__ACTIVITY__: Print only the lines below from the one with "Damel Vrac - Coeur" to the one with "Shark Back Printed", both included, exactly as they stand. Leave pictures out.

__PROVIDED MATERIAL__:
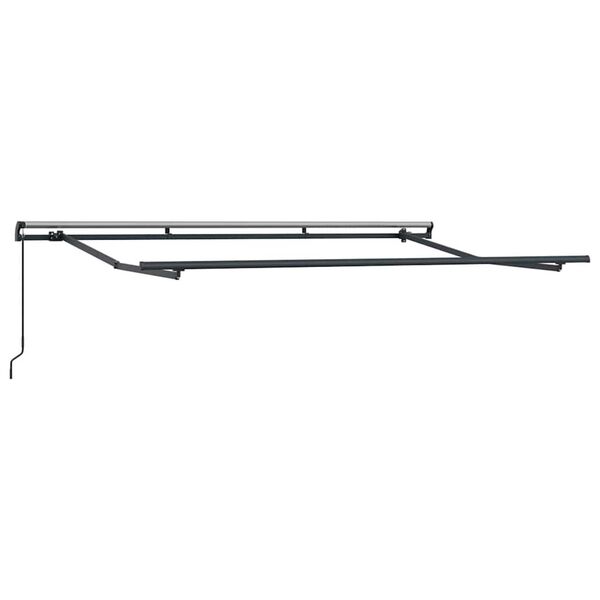 vidaXL Σκελετός Τέντας Ανθρακί 3.5 x 2 m Μέταλλο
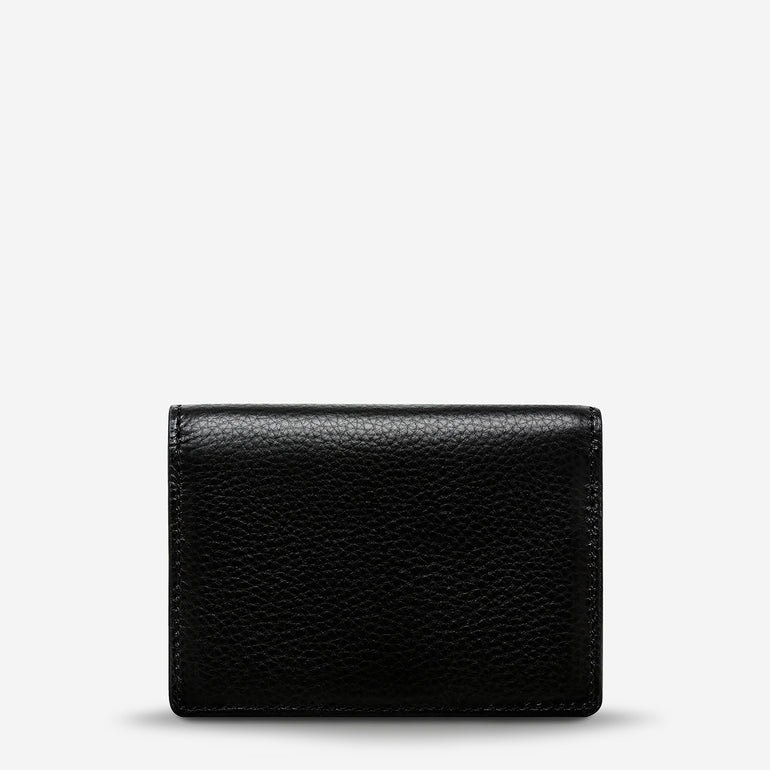 Status Anxiety Easy Does It Women's Leather Wallet Black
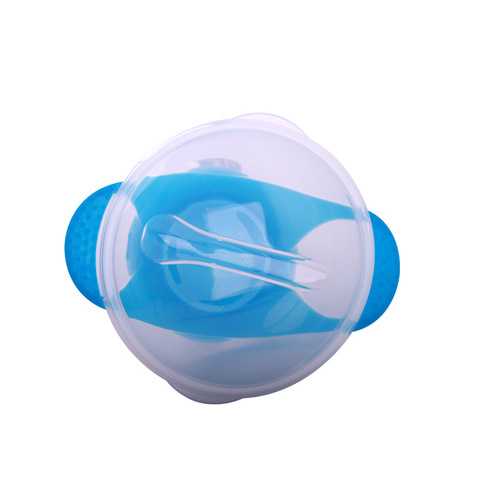 2018 New Baby Transparent Suction Cup Bowl with Temperature Sensing Spoon Baby Training Bowl Set Spoon Temperature Sensing Discoloration Wholesale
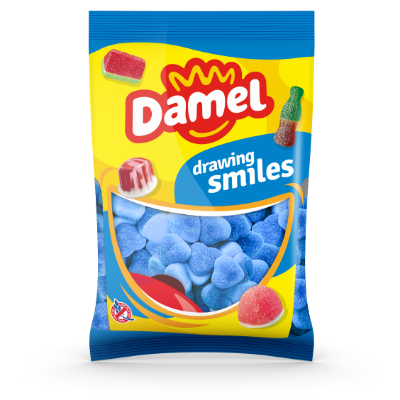 Damel Vrac - Coeur fourré acide framboise Halal x 1KG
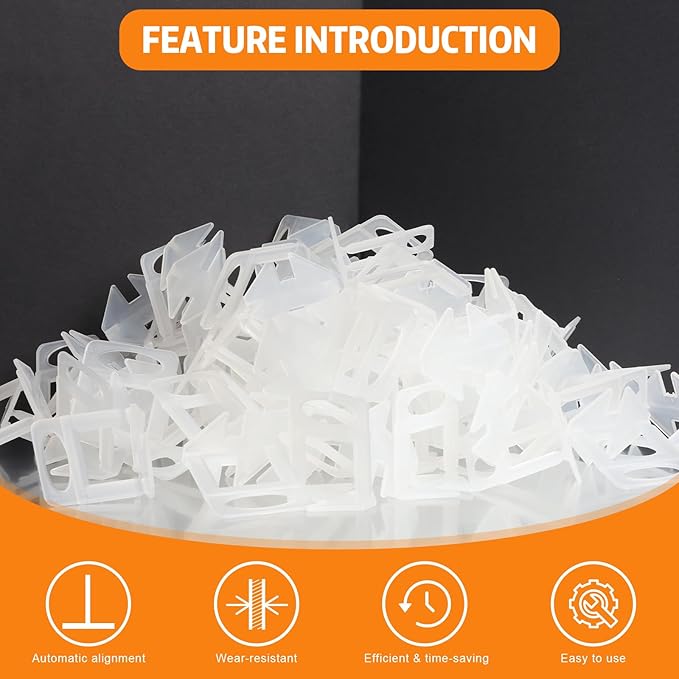 Tile Spacers 2500Pcs Tile Clips1/8", Tile Leveling System Clips - Image 4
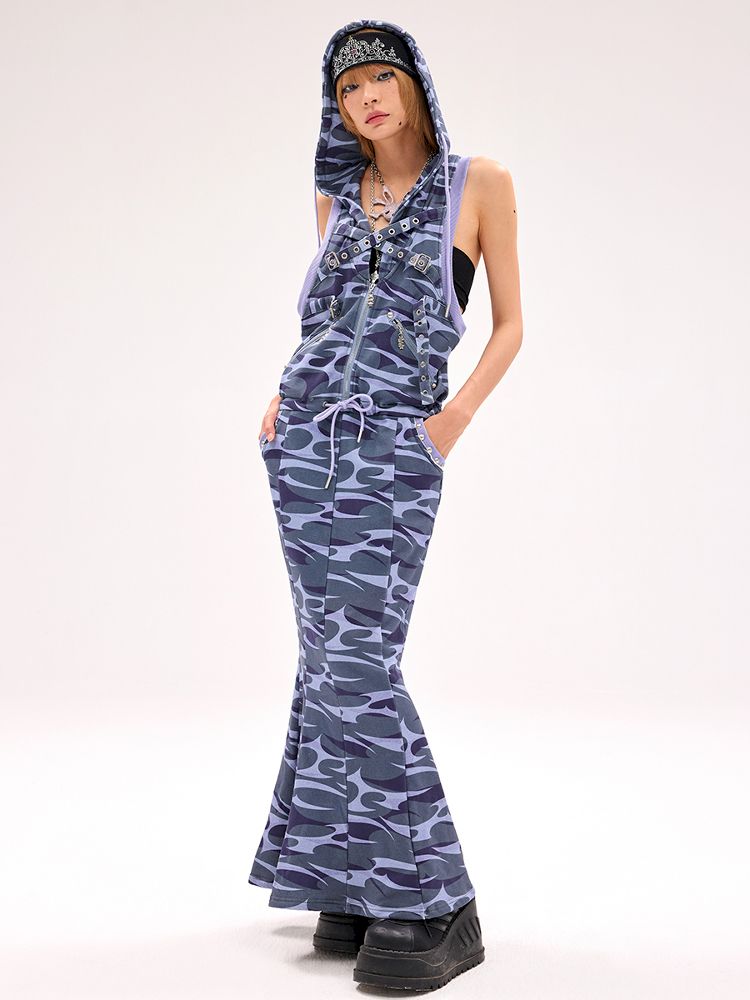 Totem Camouflage Squid Fishtail Dress【s0000012177】
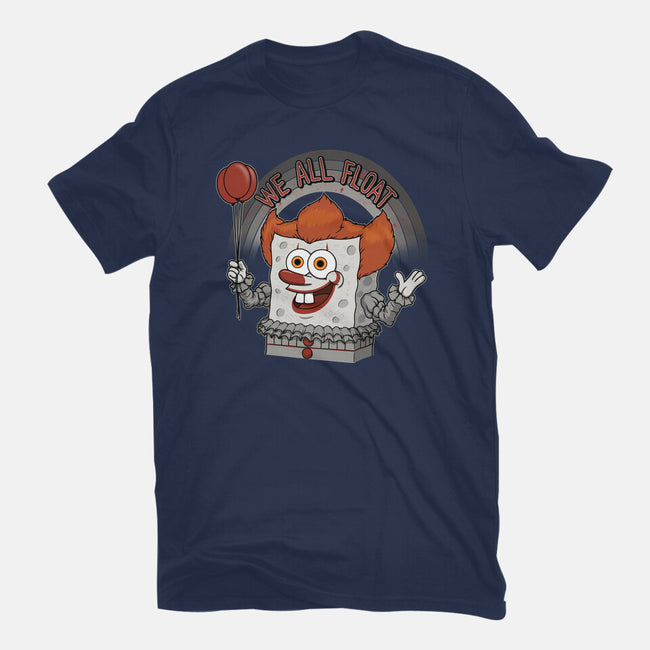 As Long As We All Float-Womens-Fitted-Tee-pigboom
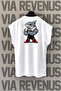 Shark Back Printed Zero Sleeve Crew Neck Sports Tshirt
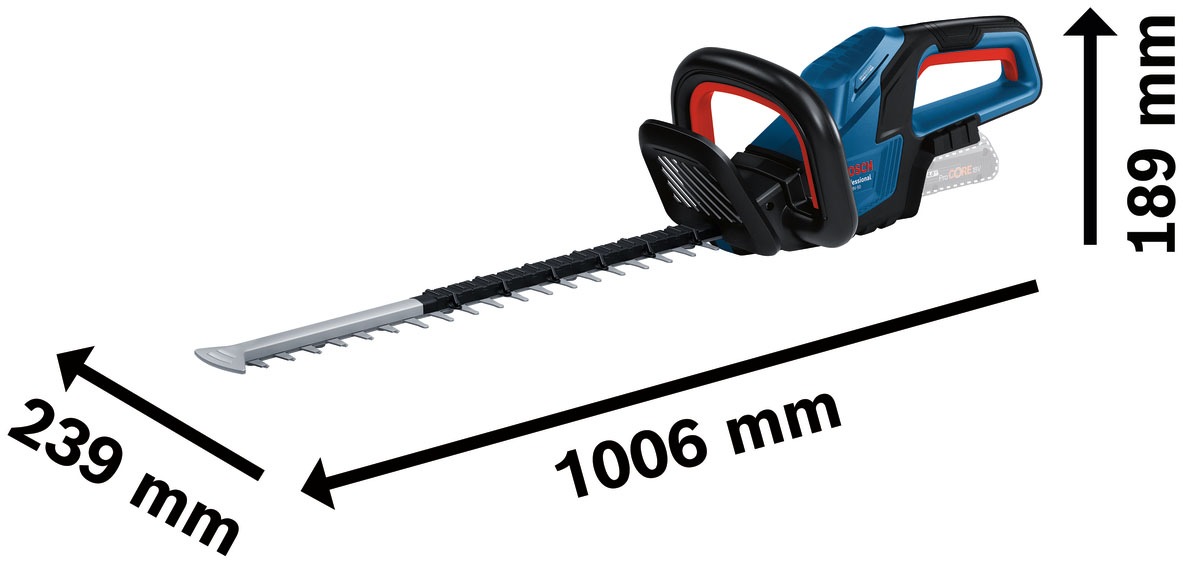 Bosch Professional Akku-Heckenschere »»GHE 18V-50 Professional««, ohne Akku, ohne Ladegerät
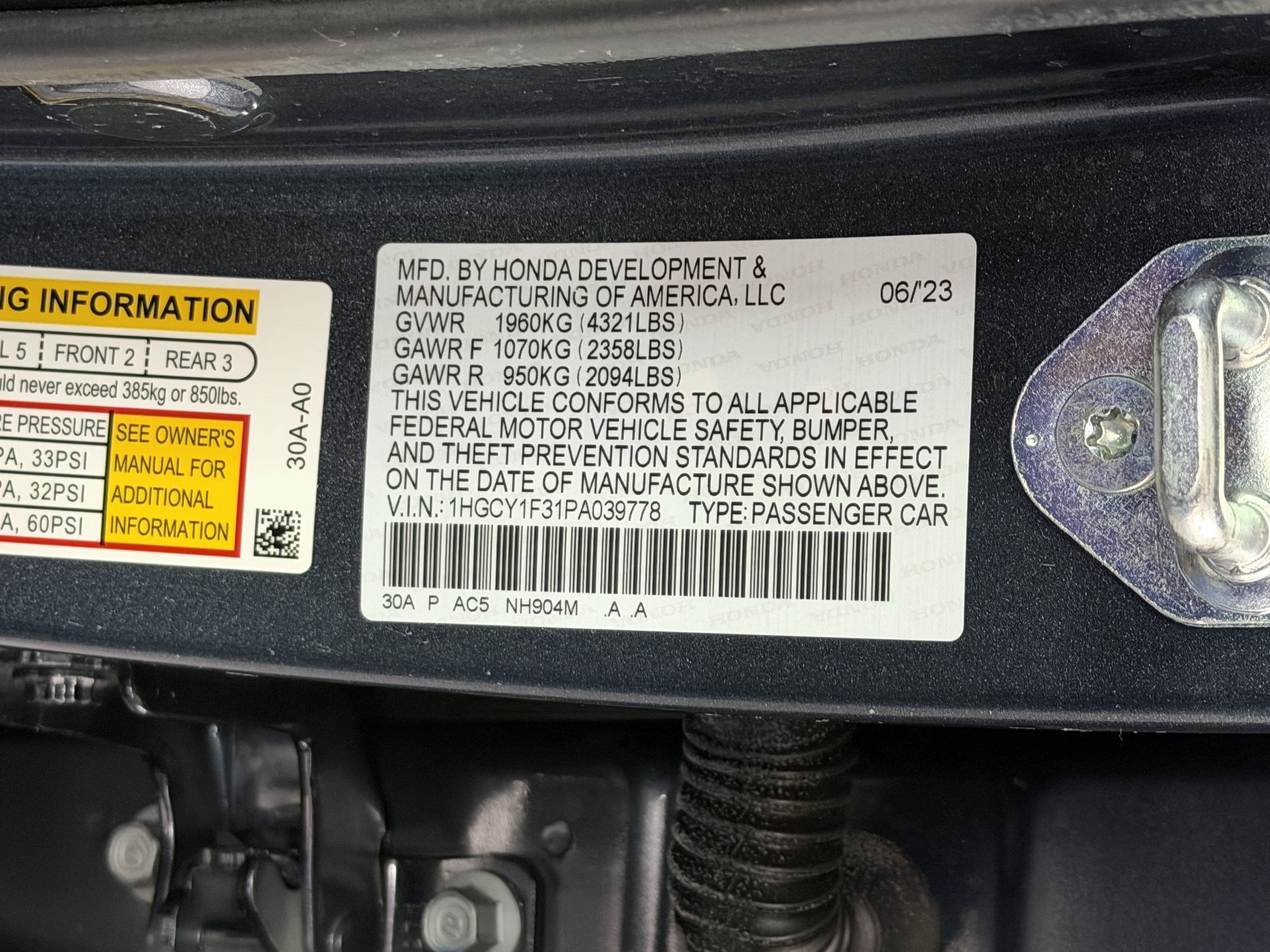 Certified 2023 Honda Accord EX image 25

__RESPONSE AREA__:
 Damel Vrac - Coeur fourré acide framboise Halal x 1KG
 Tile Spacers 2500Pcs Tile Clips1/8", Tile Leveling System Clips - Image 4
 Totem Camouflage Squid Fishtail Dress【s0000012177】
 As Long As We All Float-Womens-Fitted-Tee-pigboom
 Shark Back Printed Zero Sleeve Crew Neck Sports Tshirt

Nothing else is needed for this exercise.